The Court held a motion hearing via Zoom on August 18, 2022, at which counsel presented oral argument on the motion to compel. See Minute Entry, ECF 38. At the close of the hearing, the Court advised that it could not resolve the issue of contract formation on the record then before it. The Court therefore granted Defendants' request for a bench trial pursuant to 9 U.S.C. § 4, setting the matter for an in-person evidentiary hearing. See Order, ECF 40.
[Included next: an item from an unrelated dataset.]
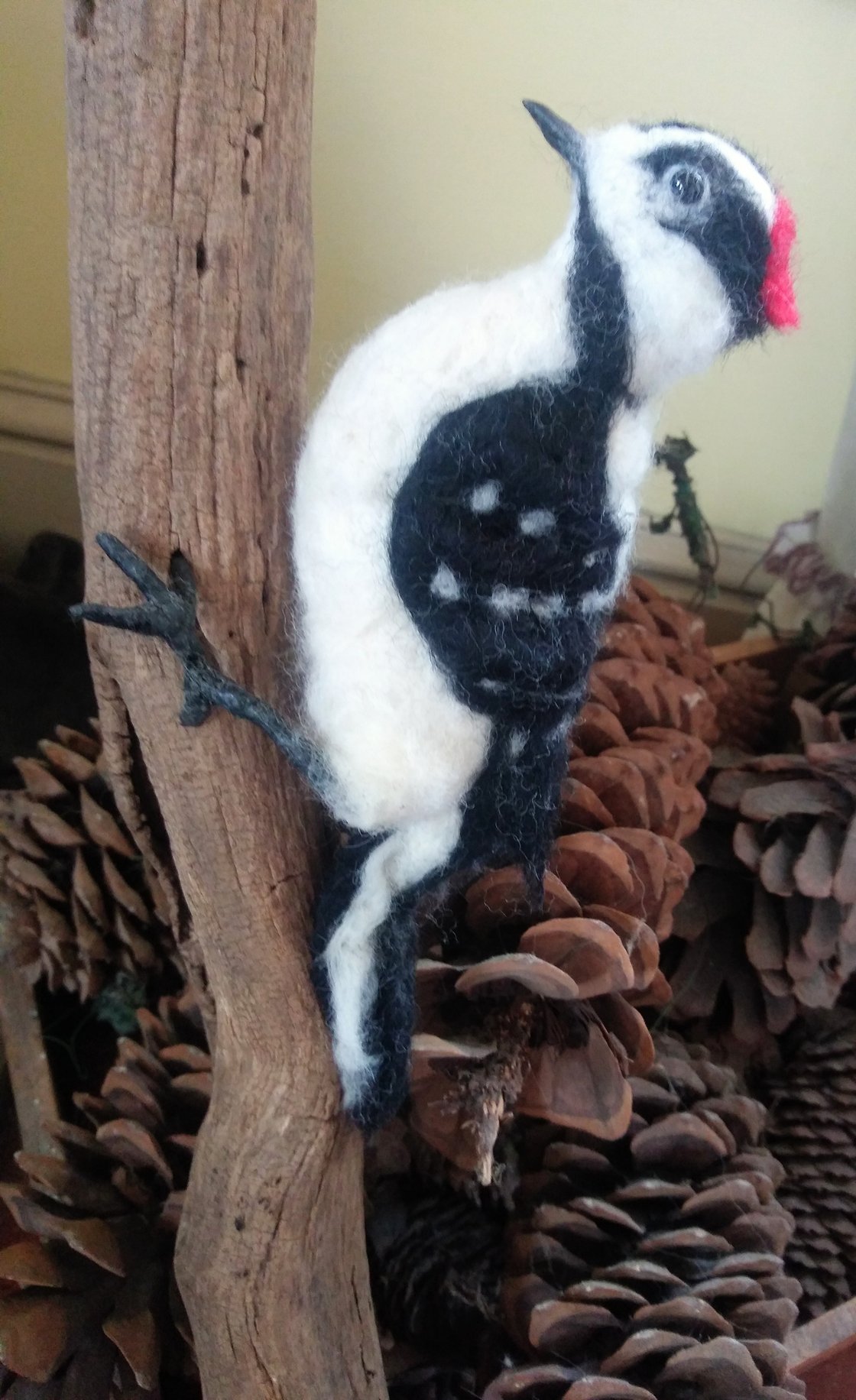 Image of Woodpecker(downy)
A three-hour bench trial/evidentiary hearing was held on November 2, 2022. See Minute Entry, ECF 48. The Court heard testimony from four witnesses: Plaintiff Susan Byrne; Jessica Gralak, Defendant Heartland's Learning Management System Administrator; Bob Moser, Defendant Heartland's Director of IT; and Mark Martins, Plaintiff Byrne's expert in the field of digital data. The Court also admitted a number of exhibits into evidence at the request of the parties.

II. LEGAL STANDARD

Under the Federal Arbitration Act (“FAA”), “[a] party aggrieved by the alleged failure, neglect, or refusal of another to arbitrate under a written agreement for arbitration may petition . . . for an order directing that such arbitration proceed in the manner provided for in such agreement.” 9 U.S.C. § 4. “If the making of the arbitration agreement . . . be in issue, the court shall proceed summarily to the trial thereof.” Id. “To implement this language, once a district court concludes that there are genuine disputes of material fact as to whether the parties formed an arbitration agreement, the court must proceed without delay to a trial on arbitrability and hold any motion to compel arbitration in abeyance until the factual issues have been resolved.” Hansen v. LMB Mortg. Servs., Inc., 1 F.4th 667, 672 (9th Cir. 2021).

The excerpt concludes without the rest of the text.